La diplomazia continua a tessere in modo trafelato le sue tele contorte. Chiunque muove i suoi pezzi sulla scacchiera, fossero pure dei pedoni. Ieri è stata la volta del presidente finlandese Sauli Niinisto, che dopo aver parlato con il collega ucraino Volodymyr Zelensky ha poi avuta una lunga conversazione telefonica con Putin, che ha supplicato di accettare un incontro con l'uomo di Kiev. Niinisto ha anche proposto Helsinki come sede dei negoziati, ciò che lascia piuttosto freddo Putin, che come si sa preferisce di giocare praticamente in casa in Bielorussia.

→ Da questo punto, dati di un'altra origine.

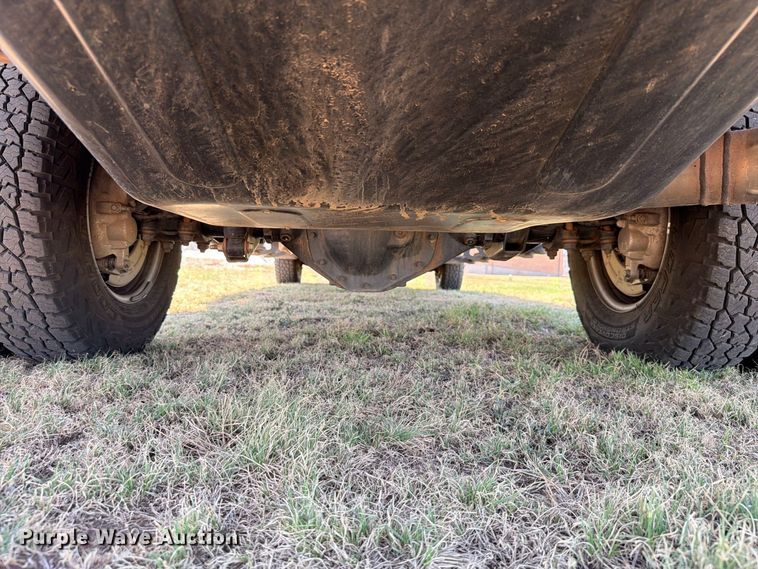 image for item EW8733 2022 Chevrolet Silverado 3500HD Crew Cab flatbed pickup truck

La diplomazia si muove liturgicamente, con tempi lentissimi. A Versailles si è concluso ieri l'eurovertice che molto ha deluso Zelensky: «Sappiamo cosa hanno detto, chi è intervenuto, chi ci ha sostenuto, chi è stato in silenzio e chi ha cercato di rendere la formulazione insufficiente per l'Ucraina: abbiamo bisogno di più forza. Non è quello che ci aspettiamo». Alle porte di Parigi, oltre al rafforzamento delle sanzioni economiche, di cui parliamo in un'altra parte del giornale, si è parlato anche dell'ingresso di Kiev nell'Unione europea, su cui si registra la souplesse del premier italiano Mario Draghi: «C'è una grande disponibilità da parte di tanti, una grande determinazione da parte di altri e una notevole cautela da parte di altri ancora».0 Tra gli stati in lista d'attesa per Bruxelles ci sono anche Georgia e Moldavia, sulla cui adesione ieri il consiglio europeo ha invitato la commissione «a esprimere il suo parere». Zero a zero anche ad Antalya, dove si è svolto il forum della diplomazia: «Ogni guerra dovrebbe finire al tavolo negoziale - ha detto il segretario generale della Nato, Jens Stoltenberg -. Quanto dovremo aspettare? Occorre continuare a esercitare pressioni sulla Russia, sia attraverso le sanzioni sia con il sostegno all'Ucraina».
Belle parole. Ma fuori dagli andamenti lenti dei vertici, i leader si muovono in autonomia. Il presidente francese Emmanuel Macron, autonominatosi capofila europeo del dialogo, ha ieri sera avuto un nuovo dialogo telefonico con Putin a cui ha partecipato anche il cancelliere tedesco Olaf Scholz. Il successore di Angela Merkel insiste sul rifiuto del bando al gas russo, parlando di «decisione consapevole, fondata e comprensibile.